## PROVIDED RECORDS
——————————
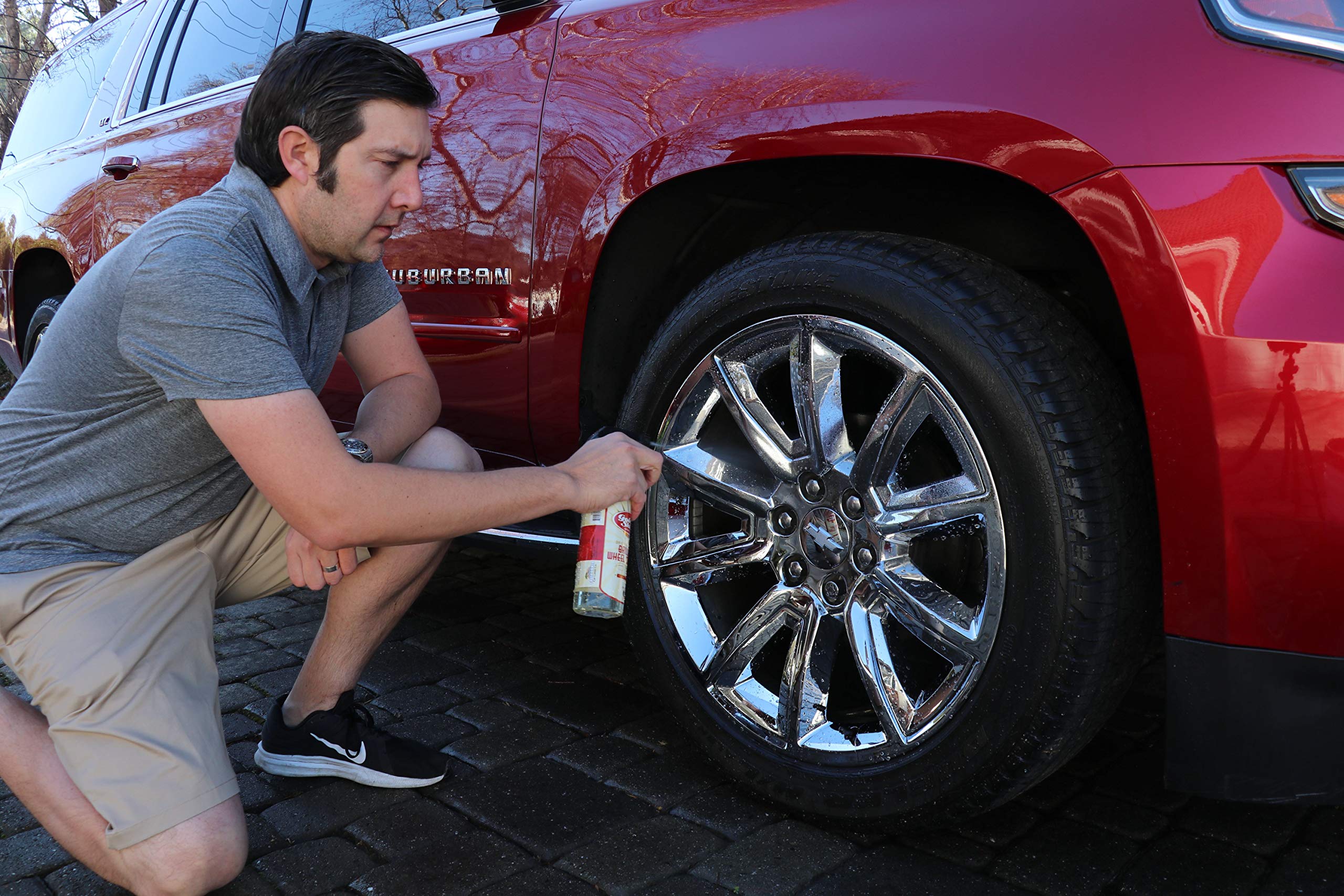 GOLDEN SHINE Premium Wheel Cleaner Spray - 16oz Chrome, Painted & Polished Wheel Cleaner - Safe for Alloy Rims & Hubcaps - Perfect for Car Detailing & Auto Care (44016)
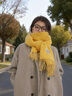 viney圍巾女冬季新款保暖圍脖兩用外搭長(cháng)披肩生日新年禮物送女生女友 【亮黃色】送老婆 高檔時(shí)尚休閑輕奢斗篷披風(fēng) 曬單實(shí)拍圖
——————————
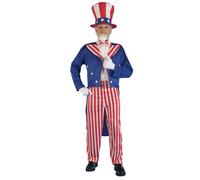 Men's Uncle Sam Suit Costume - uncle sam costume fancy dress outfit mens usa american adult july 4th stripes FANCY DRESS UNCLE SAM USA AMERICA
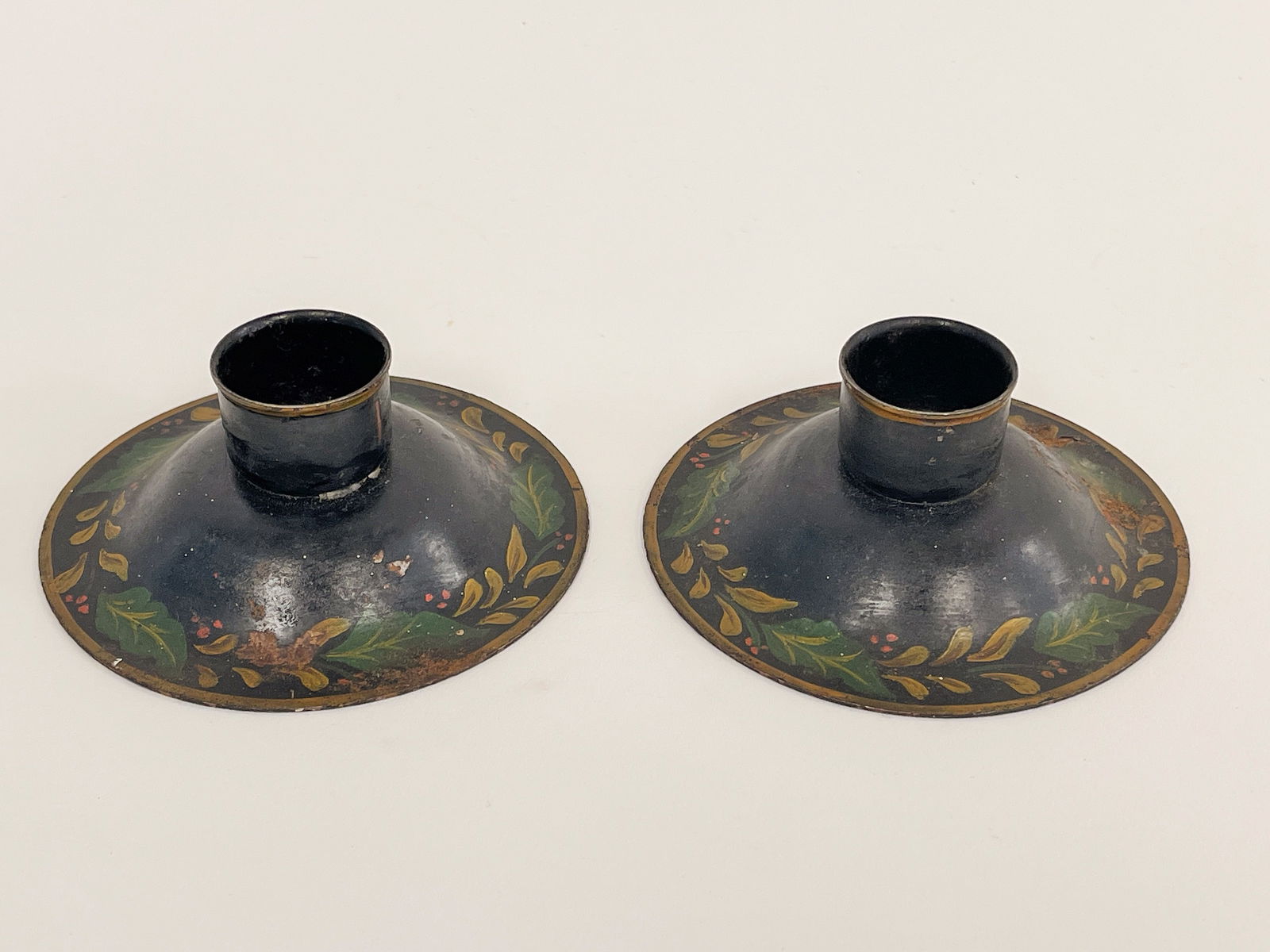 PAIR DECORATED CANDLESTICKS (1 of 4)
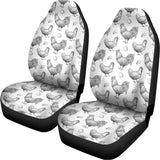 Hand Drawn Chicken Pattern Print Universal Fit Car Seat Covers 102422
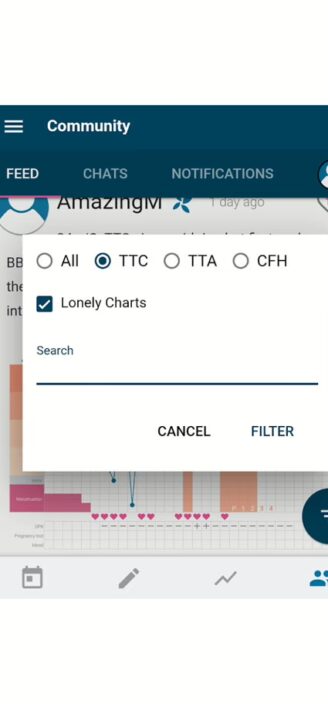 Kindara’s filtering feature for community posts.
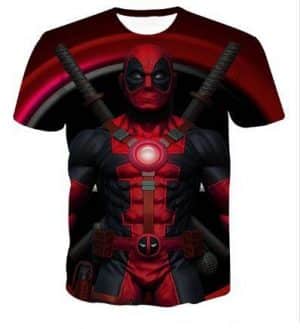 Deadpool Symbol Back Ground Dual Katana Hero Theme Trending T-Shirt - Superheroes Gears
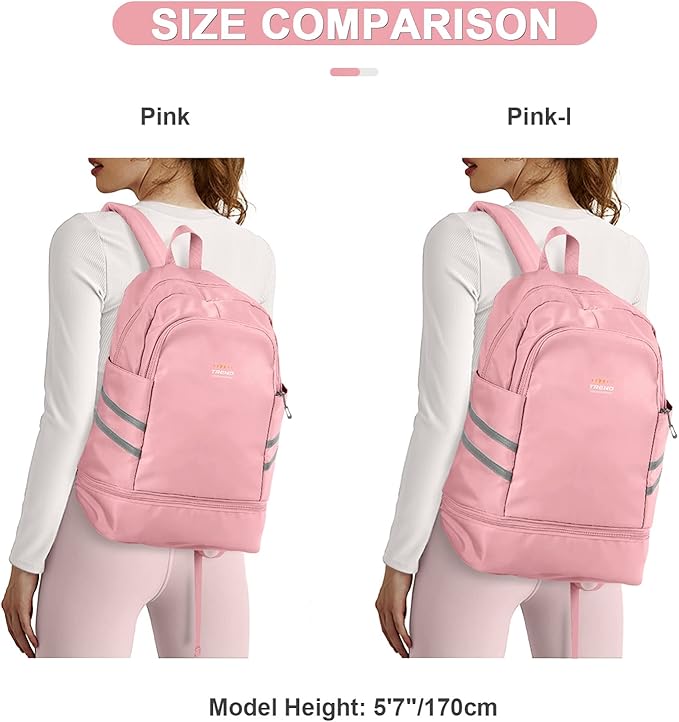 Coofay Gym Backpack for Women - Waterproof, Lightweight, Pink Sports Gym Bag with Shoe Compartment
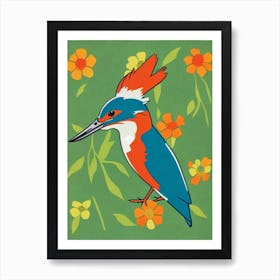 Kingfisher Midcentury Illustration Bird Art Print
——————————
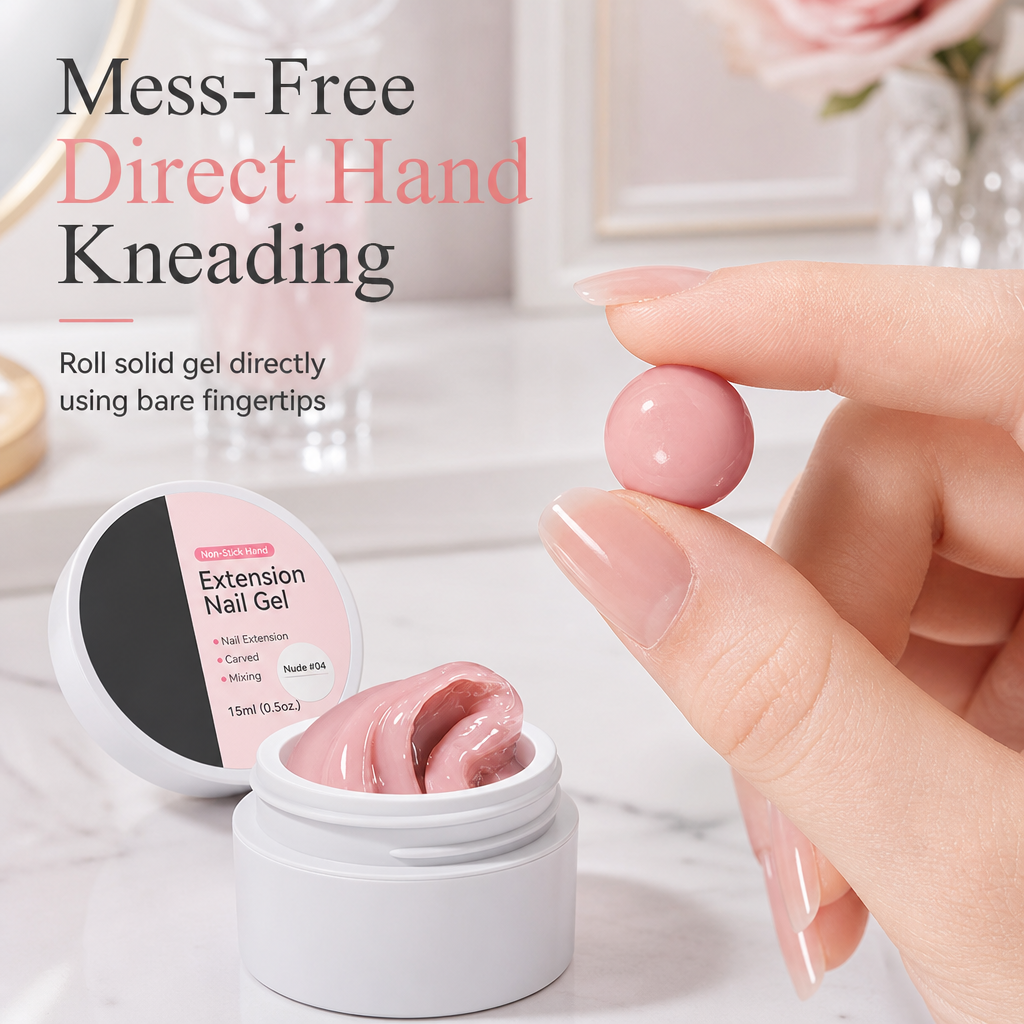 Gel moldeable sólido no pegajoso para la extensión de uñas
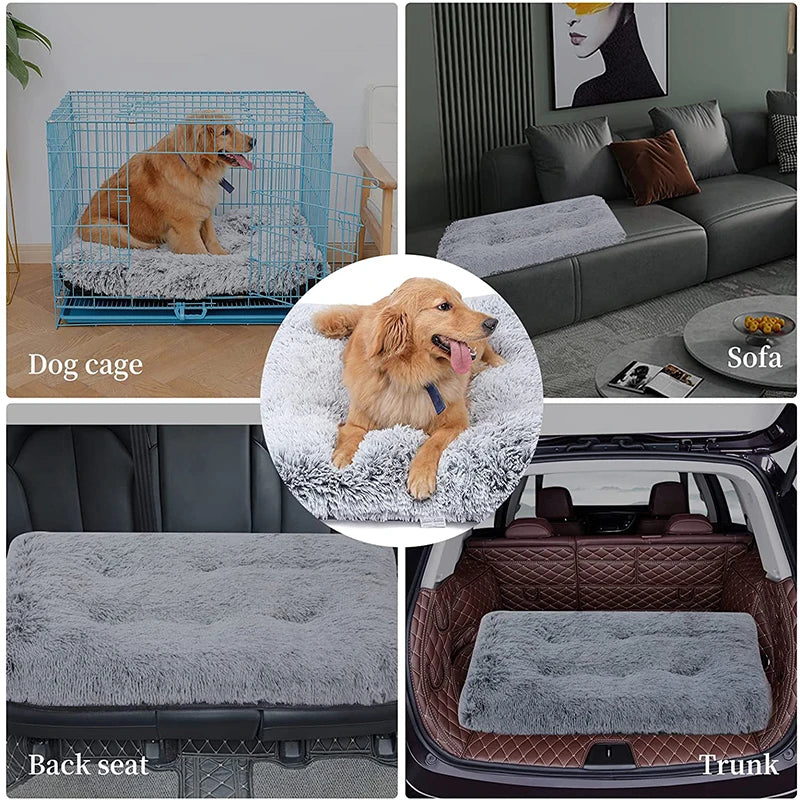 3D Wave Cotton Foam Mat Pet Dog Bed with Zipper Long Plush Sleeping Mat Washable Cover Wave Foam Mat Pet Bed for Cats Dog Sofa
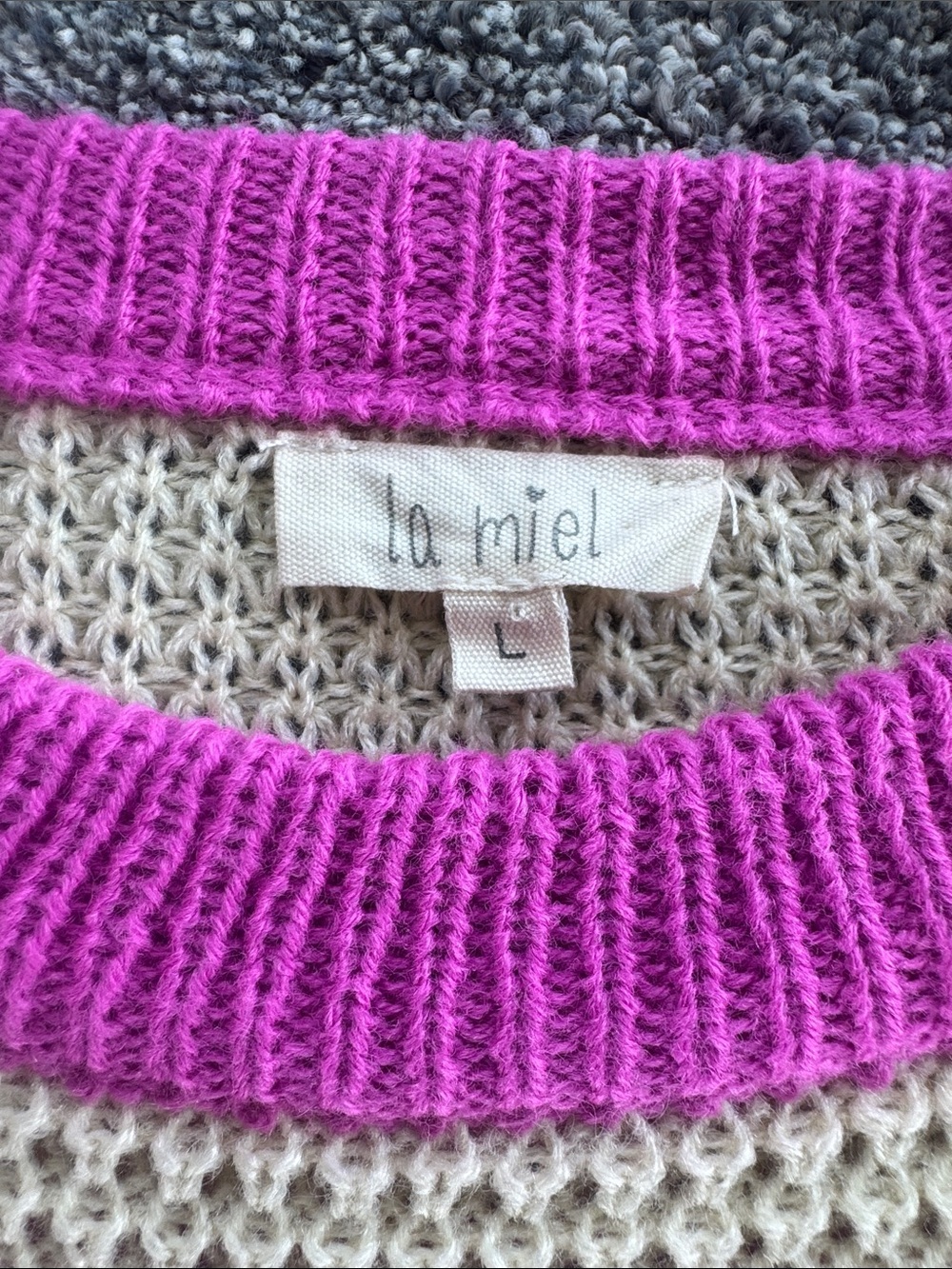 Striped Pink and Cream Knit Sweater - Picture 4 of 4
——————————
## WHAT YOU ARE ASKED TO DO
Using the entries above, reproduce word for word only the lines from the one that contains "Deadpool Symbol Back" to the one that contains "Kingfisher Midcentury Illustration", both ends included, and drop every picture.

## SOLUTION
 Deadpool Symbol Back Ground Dual Katana Hero Theme Trending T-Shirt - Superheroes Gears
 Coofay Gym Backpack for Women - Waterproof, Lightweight, Pink Sports Gym Bag with Shoe Compartment
 Kingfisher Midcentury Illustration Bird Art Print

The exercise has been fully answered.